Kelantan still notorious for wildlife smuggling

After trailing for SIX hours, a smuggler could easily jump off and ROW a boat across a river and escape! This can only happen in Bolehland!!! Read the story below.

From The Star
Wednesday October 17, 2007
Kelantan still notorious for wildlife smuggling
By IAN MCINTYRE

KOTA BARU: Kelantan continues to be a hotspot for wildlife trafficking despite various efforts to smash syndicates smuggling out protected and exotic species.

The conclusion was reached after an anti-smuggling unit recently thwarted an attempt to smuggle out the carcass of a two-year-old female black panther at the border township of Rantau Panjang, 50km from here.

Wildlife enforcement officials accompanied by the anti-smuggling team trailed a suspected smuggler for six hours last Thursday near the township before intercepting his car at about 5pm.

The suspect abandoned his car, jumped into a boat and rowed through Sungai Golok to reach the Thai side.

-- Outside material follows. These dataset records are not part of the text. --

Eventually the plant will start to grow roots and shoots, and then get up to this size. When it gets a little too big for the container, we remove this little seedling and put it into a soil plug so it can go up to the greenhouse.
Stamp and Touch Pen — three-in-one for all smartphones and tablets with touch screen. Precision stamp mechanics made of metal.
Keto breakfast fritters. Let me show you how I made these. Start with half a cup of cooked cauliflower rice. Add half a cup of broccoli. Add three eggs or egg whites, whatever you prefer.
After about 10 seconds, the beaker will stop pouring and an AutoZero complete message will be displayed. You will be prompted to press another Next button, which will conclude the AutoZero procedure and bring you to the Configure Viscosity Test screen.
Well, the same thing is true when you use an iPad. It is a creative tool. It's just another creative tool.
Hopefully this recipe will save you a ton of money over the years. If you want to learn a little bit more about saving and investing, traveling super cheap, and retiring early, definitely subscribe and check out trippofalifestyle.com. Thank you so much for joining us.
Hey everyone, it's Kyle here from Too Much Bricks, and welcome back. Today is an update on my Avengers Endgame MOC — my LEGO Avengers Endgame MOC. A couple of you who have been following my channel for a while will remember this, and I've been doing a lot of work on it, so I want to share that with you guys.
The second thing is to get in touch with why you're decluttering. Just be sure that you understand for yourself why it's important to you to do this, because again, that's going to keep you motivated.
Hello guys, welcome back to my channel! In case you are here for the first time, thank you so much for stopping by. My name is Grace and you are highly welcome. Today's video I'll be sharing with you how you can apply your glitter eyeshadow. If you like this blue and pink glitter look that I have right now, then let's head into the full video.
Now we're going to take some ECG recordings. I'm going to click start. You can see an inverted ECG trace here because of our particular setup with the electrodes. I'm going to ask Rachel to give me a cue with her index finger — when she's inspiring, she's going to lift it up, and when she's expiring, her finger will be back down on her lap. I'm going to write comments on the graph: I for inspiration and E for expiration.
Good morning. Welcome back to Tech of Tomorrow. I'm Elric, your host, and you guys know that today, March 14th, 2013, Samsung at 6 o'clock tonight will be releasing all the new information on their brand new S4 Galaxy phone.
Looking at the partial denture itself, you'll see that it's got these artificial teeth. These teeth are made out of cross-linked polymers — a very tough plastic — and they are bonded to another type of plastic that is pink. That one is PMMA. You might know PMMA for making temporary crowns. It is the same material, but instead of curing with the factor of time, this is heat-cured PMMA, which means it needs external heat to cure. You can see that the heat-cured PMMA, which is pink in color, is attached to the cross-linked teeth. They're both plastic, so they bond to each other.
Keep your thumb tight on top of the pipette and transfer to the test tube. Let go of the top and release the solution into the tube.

A state Wildlife and National Parks Department spokesman confirmed that the panther, worth an estimated RM16,000, was the work of a syndicate and investigations were underway to nab the culprits.

The carcass is currently stored at the department’s office as part of the investigation and it is believed that the protected species was killed in a Kuala Krai forest.

According to Traffic South East Asia (Wildlife Trade Monitoring Network) senior programming officer Chris Shepherd, the porous boundary conditions are ideal grounds for organised smuggling of wildlife, notably leopards, tigers, pangolins and freshwater turtles.

Malaysia as a member of Asean, is increasingly under threat from transboundary smuggling and the resulting effect is dwindling numbers of protected species and exotic animals, Shepherd said.

“The entire region is facing increasing pressure from wildlife smuggling. Enforcement authorities are struggling to keep abreast of the tactics of organised wildlife smugglers.
“What has been detected is only the tip of the iceberg,” he said.

Kelantan is a traditional smugglers den and it is also a top transit route used by wildlife smugglers to send across shipments to Thailand and China where the black panther is destined for the cooking pot.

To make matters worse, Malaysians are increasingly fond of exotic animal meat.
Despite the presence of wildlife conservationist groups such as World Wide Fund for Nature (WWF-Malaysia) and various campaigns here, the state continues to be notorious for wildlife smuggling.